WORK ITEM: Every line from the one with "Hot Hentai Lucy Got Problems Episode Six" to the one with "Visit Prescription Sunglasses", including those two, is to be copied exactly; all other lines of the entries below are left out.

++++++++

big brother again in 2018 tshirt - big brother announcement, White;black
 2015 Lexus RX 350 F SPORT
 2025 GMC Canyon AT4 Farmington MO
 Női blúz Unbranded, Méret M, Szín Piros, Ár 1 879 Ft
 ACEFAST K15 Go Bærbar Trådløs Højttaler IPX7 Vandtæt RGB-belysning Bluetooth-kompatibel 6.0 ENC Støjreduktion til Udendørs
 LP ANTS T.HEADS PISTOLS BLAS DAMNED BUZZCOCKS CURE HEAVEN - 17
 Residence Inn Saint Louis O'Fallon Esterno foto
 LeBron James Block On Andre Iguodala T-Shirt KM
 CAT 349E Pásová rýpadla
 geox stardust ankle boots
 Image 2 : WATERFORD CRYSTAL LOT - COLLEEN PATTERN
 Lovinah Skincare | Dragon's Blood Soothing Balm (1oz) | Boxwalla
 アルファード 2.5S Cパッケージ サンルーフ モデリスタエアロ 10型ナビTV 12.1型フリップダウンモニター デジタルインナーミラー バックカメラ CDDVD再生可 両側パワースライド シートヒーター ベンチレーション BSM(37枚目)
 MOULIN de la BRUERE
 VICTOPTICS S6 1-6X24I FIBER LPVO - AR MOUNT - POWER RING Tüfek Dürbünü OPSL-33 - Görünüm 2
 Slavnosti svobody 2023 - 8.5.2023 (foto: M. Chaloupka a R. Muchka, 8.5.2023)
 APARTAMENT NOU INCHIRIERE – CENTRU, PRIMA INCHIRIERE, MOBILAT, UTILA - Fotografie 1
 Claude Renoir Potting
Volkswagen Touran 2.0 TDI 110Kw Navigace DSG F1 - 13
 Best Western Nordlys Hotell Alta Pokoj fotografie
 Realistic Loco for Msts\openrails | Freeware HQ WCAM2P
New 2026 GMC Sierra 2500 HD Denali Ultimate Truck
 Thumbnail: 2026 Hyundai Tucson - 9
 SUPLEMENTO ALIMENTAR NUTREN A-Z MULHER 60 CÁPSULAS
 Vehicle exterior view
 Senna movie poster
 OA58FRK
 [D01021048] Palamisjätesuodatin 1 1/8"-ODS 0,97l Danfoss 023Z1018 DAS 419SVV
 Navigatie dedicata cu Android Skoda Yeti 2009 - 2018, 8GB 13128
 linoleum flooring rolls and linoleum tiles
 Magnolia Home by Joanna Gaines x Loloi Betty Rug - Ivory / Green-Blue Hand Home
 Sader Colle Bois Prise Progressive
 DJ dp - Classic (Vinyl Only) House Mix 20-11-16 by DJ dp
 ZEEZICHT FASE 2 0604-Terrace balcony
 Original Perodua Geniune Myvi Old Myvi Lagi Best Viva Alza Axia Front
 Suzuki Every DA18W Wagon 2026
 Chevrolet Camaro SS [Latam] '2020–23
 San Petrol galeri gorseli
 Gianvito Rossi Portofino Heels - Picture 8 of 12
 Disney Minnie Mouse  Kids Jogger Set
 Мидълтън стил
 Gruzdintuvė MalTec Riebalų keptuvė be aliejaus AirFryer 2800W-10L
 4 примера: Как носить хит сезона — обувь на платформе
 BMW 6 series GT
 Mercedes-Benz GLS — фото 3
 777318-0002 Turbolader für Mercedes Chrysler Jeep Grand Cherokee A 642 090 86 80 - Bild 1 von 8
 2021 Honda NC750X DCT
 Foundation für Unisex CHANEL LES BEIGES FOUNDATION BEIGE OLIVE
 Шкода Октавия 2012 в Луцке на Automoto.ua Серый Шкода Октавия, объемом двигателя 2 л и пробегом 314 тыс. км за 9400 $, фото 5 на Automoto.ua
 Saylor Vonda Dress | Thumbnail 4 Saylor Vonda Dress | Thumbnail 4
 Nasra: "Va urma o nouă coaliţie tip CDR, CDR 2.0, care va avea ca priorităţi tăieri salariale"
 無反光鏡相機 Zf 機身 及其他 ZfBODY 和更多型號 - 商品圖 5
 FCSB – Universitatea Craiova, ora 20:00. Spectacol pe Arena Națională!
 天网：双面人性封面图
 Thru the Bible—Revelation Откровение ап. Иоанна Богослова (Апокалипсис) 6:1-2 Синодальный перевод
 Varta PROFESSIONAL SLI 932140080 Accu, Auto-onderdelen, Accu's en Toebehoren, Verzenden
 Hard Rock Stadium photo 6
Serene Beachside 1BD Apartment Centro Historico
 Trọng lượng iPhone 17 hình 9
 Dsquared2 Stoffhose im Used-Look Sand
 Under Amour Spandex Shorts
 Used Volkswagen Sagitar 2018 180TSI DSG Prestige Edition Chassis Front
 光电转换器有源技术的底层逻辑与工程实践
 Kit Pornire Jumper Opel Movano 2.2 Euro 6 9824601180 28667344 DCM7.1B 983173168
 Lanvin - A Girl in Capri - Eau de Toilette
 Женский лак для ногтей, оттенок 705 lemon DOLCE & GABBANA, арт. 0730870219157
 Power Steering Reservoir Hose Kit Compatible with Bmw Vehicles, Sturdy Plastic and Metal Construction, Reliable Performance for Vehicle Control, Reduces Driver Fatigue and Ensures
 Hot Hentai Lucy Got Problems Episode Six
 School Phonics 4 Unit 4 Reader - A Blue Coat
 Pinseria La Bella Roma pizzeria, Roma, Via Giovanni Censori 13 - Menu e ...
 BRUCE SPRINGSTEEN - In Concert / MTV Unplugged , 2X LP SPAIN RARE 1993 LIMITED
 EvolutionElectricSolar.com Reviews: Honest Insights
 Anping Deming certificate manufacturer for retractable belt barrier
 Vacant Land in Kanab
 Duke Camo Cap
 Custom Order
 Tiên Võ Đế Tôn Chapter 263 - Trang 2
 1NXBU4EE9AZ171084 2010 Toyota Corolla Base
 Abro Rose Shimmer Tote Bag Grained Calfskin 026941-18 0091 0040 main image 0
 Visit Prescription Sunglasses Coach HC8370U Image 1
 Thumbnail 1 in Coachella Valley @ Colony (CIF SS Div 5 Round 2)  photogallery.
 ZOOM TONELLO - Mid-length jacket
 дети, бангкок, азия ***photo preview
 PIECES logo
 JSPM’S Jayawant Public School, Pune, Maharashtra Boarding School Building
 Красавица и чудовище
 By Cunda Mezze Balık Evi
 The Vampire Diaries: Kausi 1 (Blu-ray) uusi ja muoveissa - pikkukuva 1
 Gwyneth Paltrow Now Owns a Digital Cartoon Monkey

++++++++

WRITTEN RESPONSE:
 Hot Hentai Lucy Got Problems Episode Six
 School Phonics 4 Unit 4 Reader - A Blue Coat
 Pinseria La Bella Roma pizzeria, Roma, Via Giovanni Censori 13 - Menu e ...
 BRUCE SPRINGSTEEN - In Concert / MTV Unplugged , 2X LP SPAIN RARE 1993 LIMITED
 EvolutionElectricSolar.com Reviews: Honest Insights
 Anping Deming certificate manufacturer for retractable belt barrier
 Vacant Land in Kanab
 Duke Camo Cap
 Custom Order
 Tiên Võ Đế Tôn Chapter 263 - Trang 2
 1NXBU4EE9AZ171084 2010 Toyota Corolla Base
 Abro Rose Shimmer Tote Bag Grained Calfskin 026941-18 0091 0040 main image 0
 Visit Prescription Sunglasses Coach HC8370U Image 1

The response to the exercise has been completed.